The second argument is that the length of the bars would be meaningless.
This argument only applies when there is no absolute meaning for the
common “root” of the bars. This is the case here with the log scale. It
would also be the case with a linear scale if, for some reason, the zero
is not included.
The third argument is an extension of the first one (better clarity) in the case when several data points for each category must be compared. Using bars there are two options:
drawing bars side by side: yields poor readability
stacking bars on top of each other (if the addition makes
sense like votes in an election): makes a loss of the common ground,
except for the bottom most bars (of left most bars when using the
horizontal layout like here)
This brings me to the case where dot plots shine most: multiway dot plots.
Multiway dot plots
The compactness of the “dot” plotting symbol (regardless of the
actual shape: disc, square, triangle…) compared to bars allows
superposing several data points for each category.
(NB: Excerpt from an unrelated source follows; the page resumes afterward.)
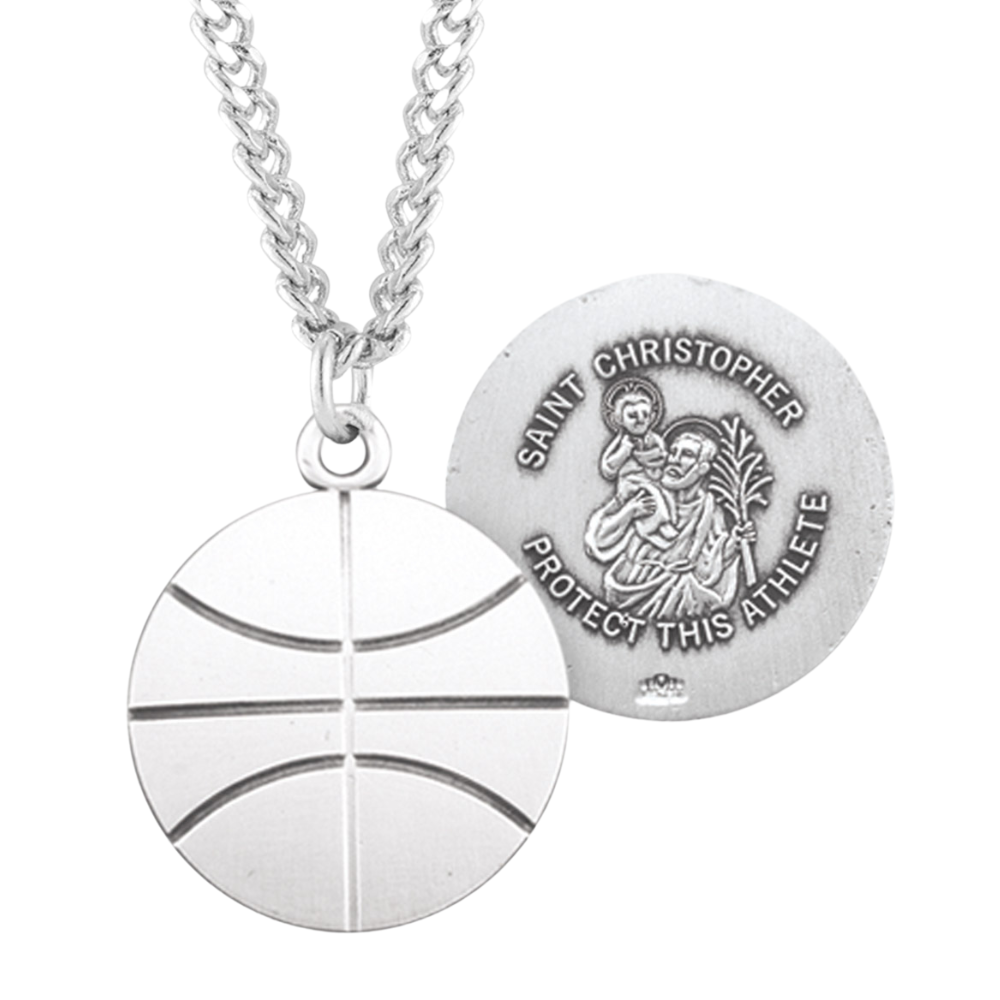 Saint Christopher Sterling Silver Basketball Athlete Medal, Catholic Gift, Made in USA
Cleveland presents multiway dot plots mostly by stacking horizontally
several simple dot plots. However, now that digital media allows high
quality colorful graphics, I think that superposition on a single plot
is better in many cases.
For the electricity data, I plot for each plant category:
the maximum power over the year (GW): red triangles
the average power over the year (GW): blue discs
The maximum power is interesting as a proxy to the power capacity.
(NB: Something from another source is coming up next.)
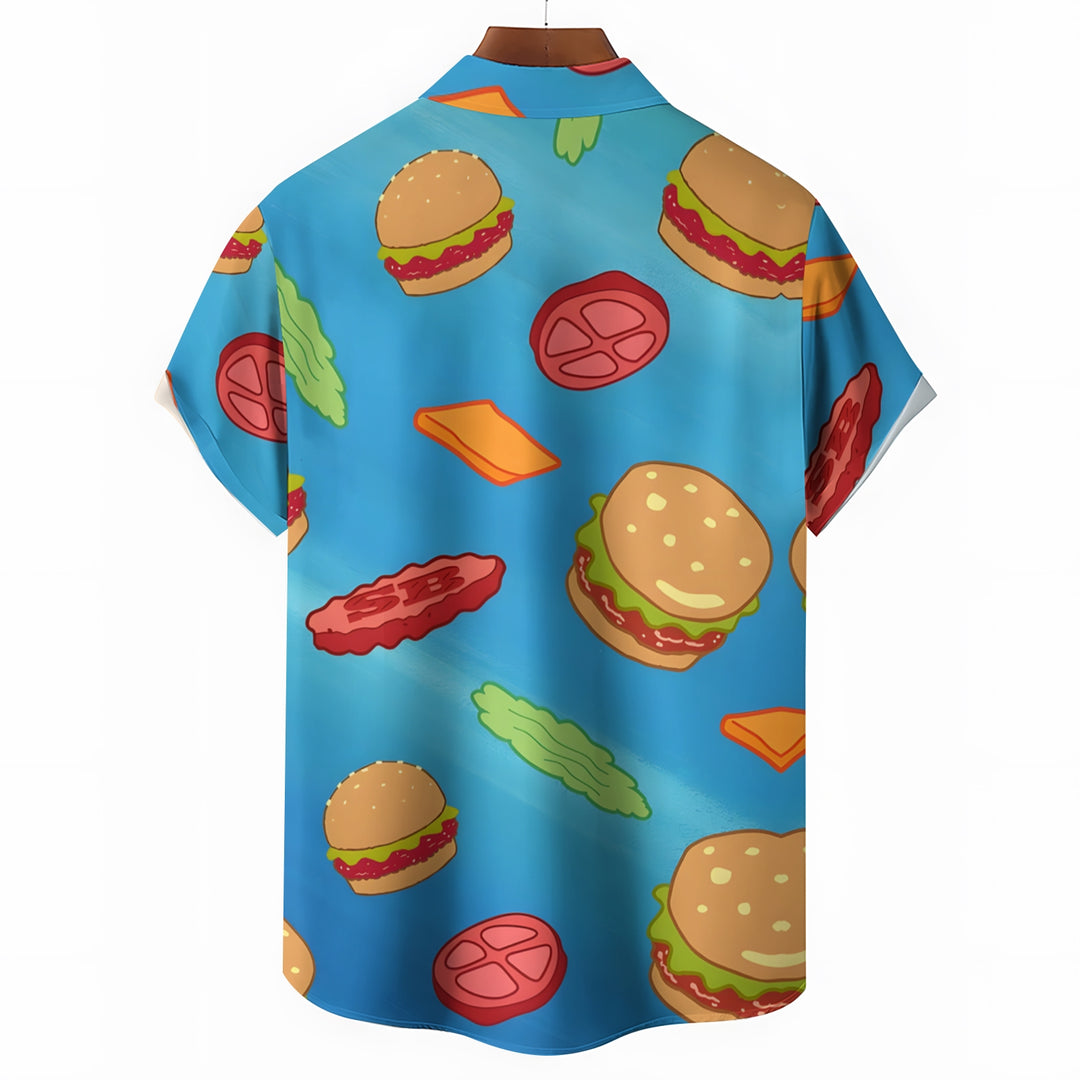 Men's Cartoon Krabby Patty Casual Short Sleeve Shirt 2403000366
The average power is simply the previously shown yearly energy production data, divided by the duration of the year.
The benefit of using the average power is that it can be superimposed
on the plot with the power capacity since it has the same unit.
Also, the ratio of the two is the capacity factor of the plant category, which is a third interesting information.
Since it is recommended to sort the categories by value (to ease comparisons), there are two possible plots:
plot sorted by the maximum powers (~capacity)
plot sorted by the average powers (equivalent to the cumulated energy for the year)
The two types of sorts are slightly different (e.g. switch of Wind and Gas) and I don’t know if one is preferable.
Adding some quantiles
Since I felt the superposition of the max and average data was
leaving enough space, I packed 4 more numbers by adding gray lines
showing the 90% and 50% range of the power distribution over the year.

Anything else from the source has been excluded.